Ce retour est en tout cas une excellente nouvelle. Disons le tout net : certes aidé par un titre génial, L’Arabe du futur est sans doute le meilleur livre de Riad Sattouf. On y retrouve ce qui le distingue comme l’un des grands auteurs actuels : une capacité d’observation hors du commun au service d’une satire hilarante de la bêtise humaine. Mais l’auteur franchit un niveau supplémentaire avec ce livre en osant attaquer de manière frontale le registre autobiographique, comme s’il était parvenu à atteindre la maturité et le recul nécessaires pour cela.
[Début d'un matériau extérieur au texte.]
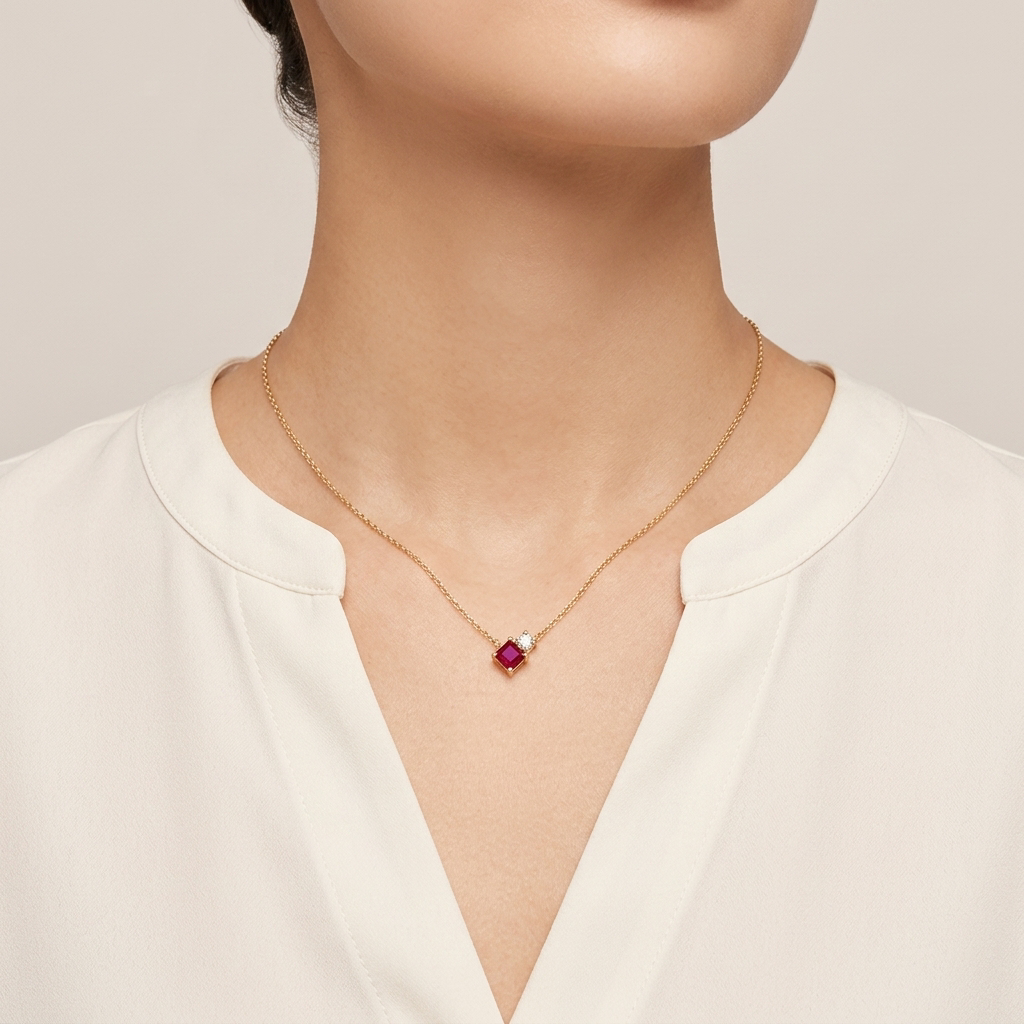 18ct Ruby & Diamond Toi Et Moi Necklace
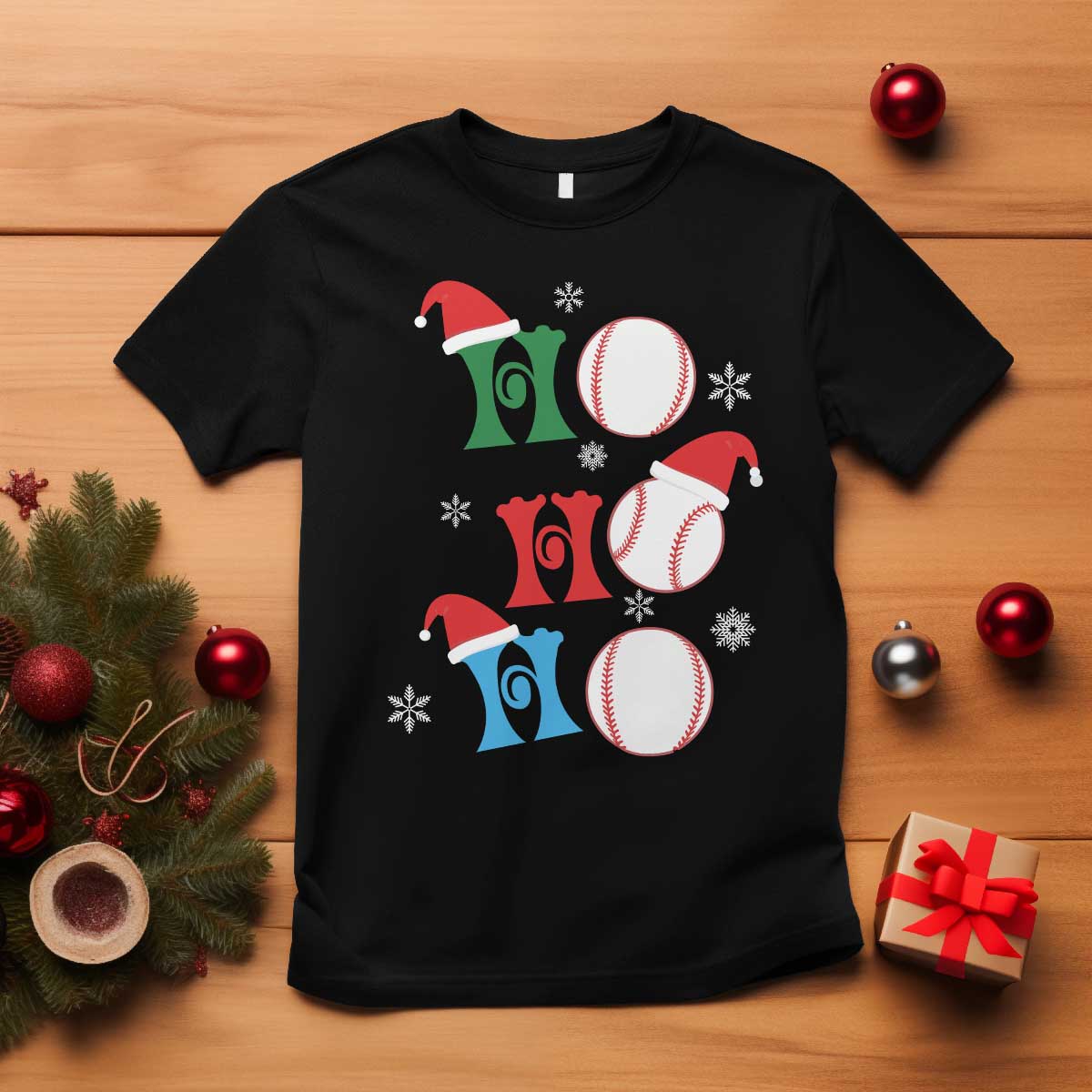 Funny Christmas Baseball T Shirt Triple Ho Sport Santa Hat TS11 Black Print Your Wear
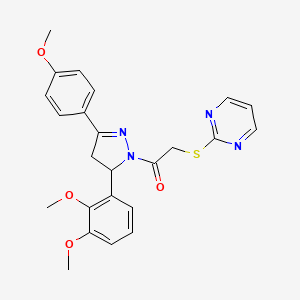 molecular formula C24H24N4O4S B2945754 1-(5-(2,3-dimethoxyphenyl)-3-(4-methoxyphenyl)-4,5-dihydro-1H-pyrazol-1-yl)-2-(pyrimidin-2-ylthio)ethanone CAS No. 403837-40-1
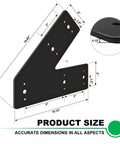 Beefy Heavy Duty 4 Pack 45 Degree Steel Pergola Brackets For Wood Beams 4x4 And 6x6 Lumber Powder Coated Black, dimensions shown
Une grande partie de son œuvre est en effet une autobiographie déguisée (Les Pauvres aventures de Jérémie) ou mal assumée (Retour au collège et No sex in New-York, où l’auteur est présent mais parle des autres pour éviter de parler directement de lui-même), à l’exception de Ma Circoncision, cri de douleur brut d’un enfant blessé dans sa chair et dans son âme. Il est d’ailleurs intéressant de mettre en parallèle ce dernier livre avec L’Arabe du futur, qui pourrait par comparaison passer pour une entreprise de réhabilitation de la figure paternelle. Présentée comme monstrueuse dans Ma Circoncision (où non content d’imposer une opération sans anesthésie à son fils déjà grand, son père ne lui offre pas le Goldorak géant promis), elle est traitée ici avec infiniment plus de bienveillance, comme si, là encore, le temps avait permis à Sattouf de comprendre ce père au parcours pour le moins atypique et, pour le coup, de lui pardonner. (...)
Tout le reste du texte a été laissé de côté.